Hablillas

La escalera

La comunicación ha evolucionado mucho, tanto que la presencia física no es tan necesaria.

Si nos paramos a pensar el tiempo que le dedicamos al teléfono móvil seguro que nos sale una cifra tan importante como abrumadora. Ciertamente es un medio tan útil que se ha vuelto indispensable, por lo que estas líneas no descubren nada nuevo, sin embargo abundan en el tema por esa especie de abstinencia que padece el usuario si se olvida del aparatejo al cambiar de abrigo o de bolso. Él se queda escondido, arropado y en lo oscuro, sin dejar de emitir señales delatoras indicando su ubicación y recepción de mensajes, mientras nosotros podemos llegar a olvidarlo durante un rato o e echarlo perdidamente de menos.

Admitimos la rapidez, la comodidad y la compañía que da durante ese rato antes de dormir, por ejemplo, cuando no gusta o no entusiasma un libro. En cualquier caso, es una forma de comunicación que se hace adictiva por la propia conversación, por las fotos, las frases, las reflexiones, las oraciones, los avisos sobre el temporal de viento que hemos sufrido esta semana, en fin, que no dudamos de su utilidad, de la espontaneidad que aflora quizás por la distancia de los miembros de un grupo o del otro contacto. Y compartimos, es decir, enviamos lo que recibimos para distraernos conjuntamente.

La comunicación ha evolucionado mucho, tanto que la presencia física no es tan necesaria. El avisador reclama nuestra atención y atendemos, leemos el mensaje instantáneo, en cambio cuánto cuesta llamar al timbre del vecino para preguntarle cómo se encuentra o saludarlo al entrar o salir del ascensor. Hemos hecho de la vivienda un mundo cerrado, dos o cuatro distintos por cada planta del edificio, un concepto que era exclusivo de las capitales, de las ciudades grandes, un concepto basado en la independencia, exagerado hasta el límite de la indiferencia hacia el otro. El exceso de trabajo y la falta de tiempo imposibilitan o limitan la socialización, la conversación.

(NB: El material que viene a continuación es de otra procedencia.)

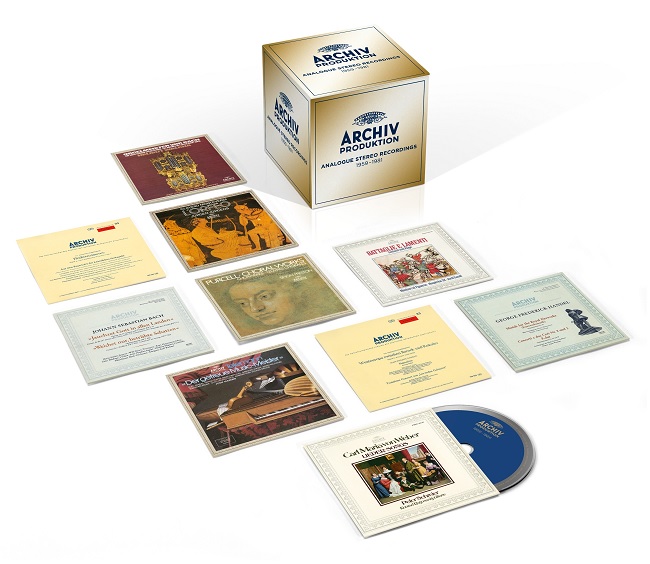 아르히프 아날로그 스테레오 LP시대 1959-1981 (Archiv Produktion - Analogue Stereo Recordings 1959-1981)
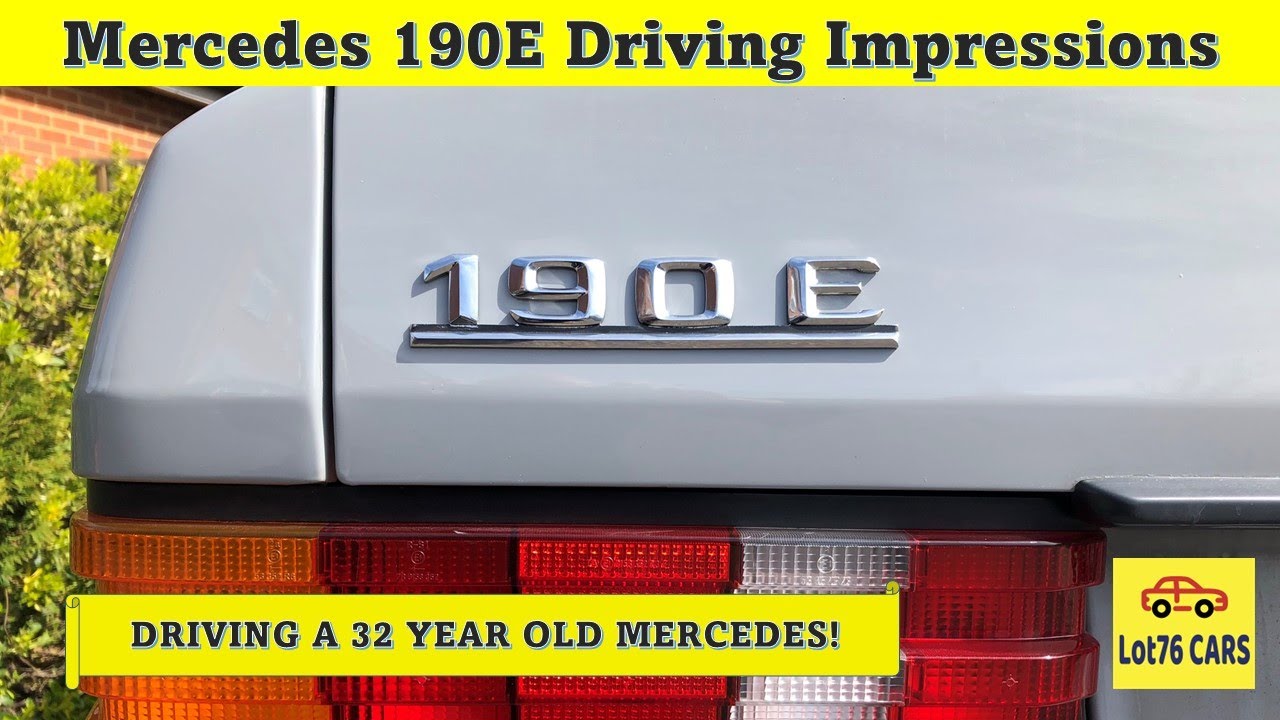 Driving the Mercedes 190E
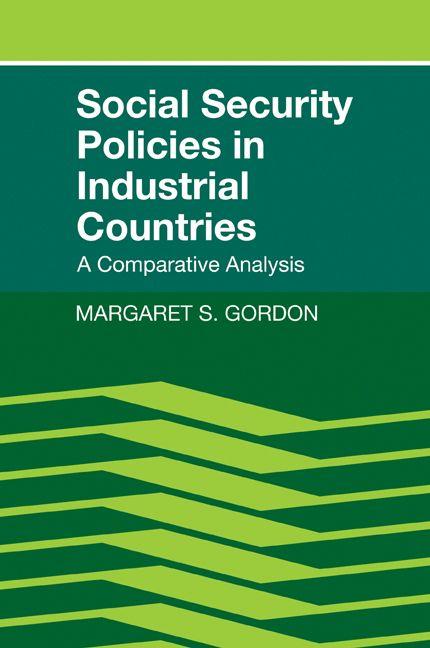 Social Security Policies in Industrial Countries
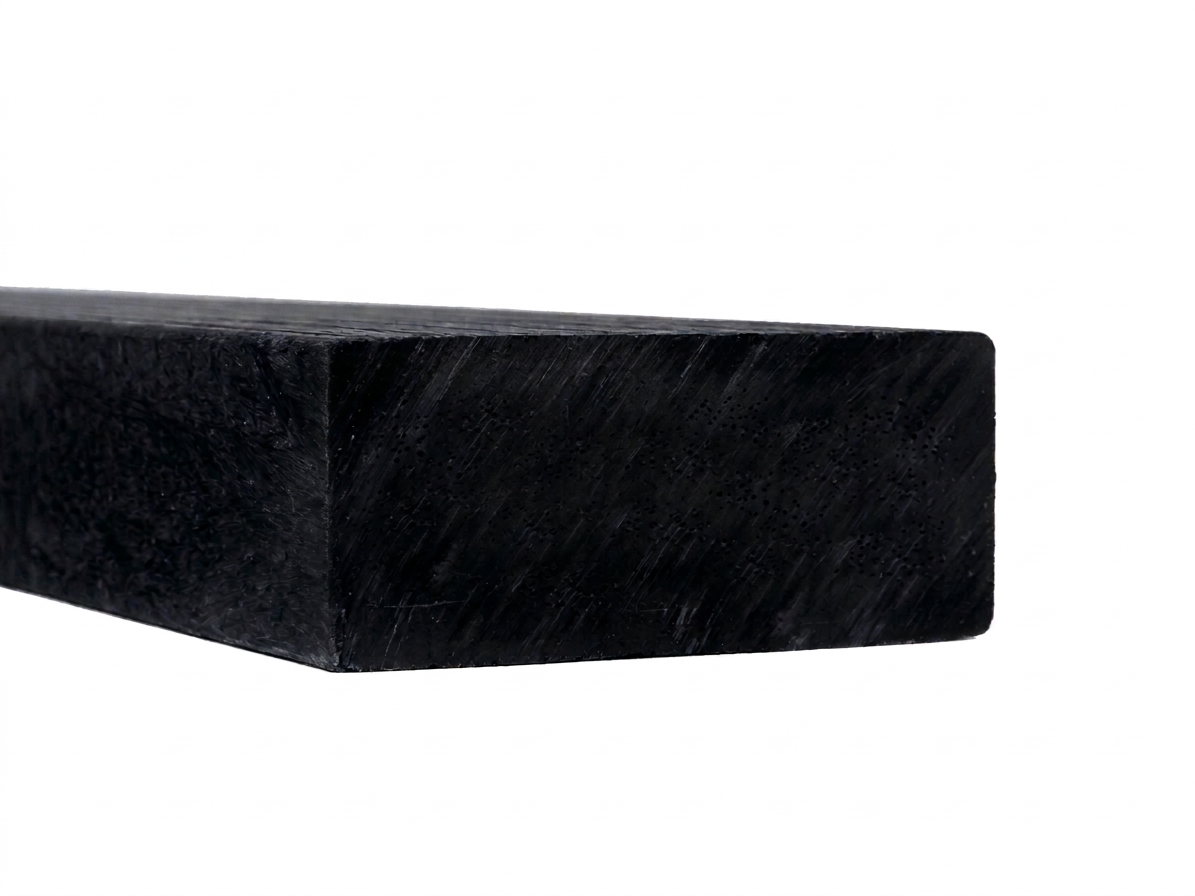 recycled kunststof balk 5 x 12 x 360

Es por eso que un grupo de sociólogos ha puesto en marcha un proyecto llamado “la escalera” para que los vecinos se conozcan. Ha empezado por un edificio de un barrio de Madrid, donde los escasos metros de separación se pueden salvar con una pegatinas colocadas voluntariamente en los portones ofreciendo ayuda, como “te subo la compra” o “comparto wi-fi”. Se trata de concienciar, respetar y convivir con los diferentes estilos de vida de cada casa, de quienes las habitan. La escalera es el punto de encuentro, por donde se cruzan los moradores. Se trata, por tanto de paliar un poco el aislamiento entre ellos, de que el portón no sea una muralla, que los vecinos sepan o sientan que hay otros en quienes apoyarse.

Esto nos motiva a reflexionar, porque en las redes sociales se enumeran los amigos, comunican las solicitudes de amistad, anuncian eventos. Están y estamos pendientes de subir tal foto, sugerir un libro o recomendar el título de una película, sin embargo, como anotamos antes, no salvamos cuatro metros de rellano con dos tazas de café. En eso no caemos por proximidad, por la timidez que nos limita la cercanía, la que nos condena al silencio de un escondite, si se quiere. De todas formas es un buen proyecto, una idea estupenda y una iniciativa que, ojalá, propicie la comunicación y la conversación. La amistad es cuestión de tiempo.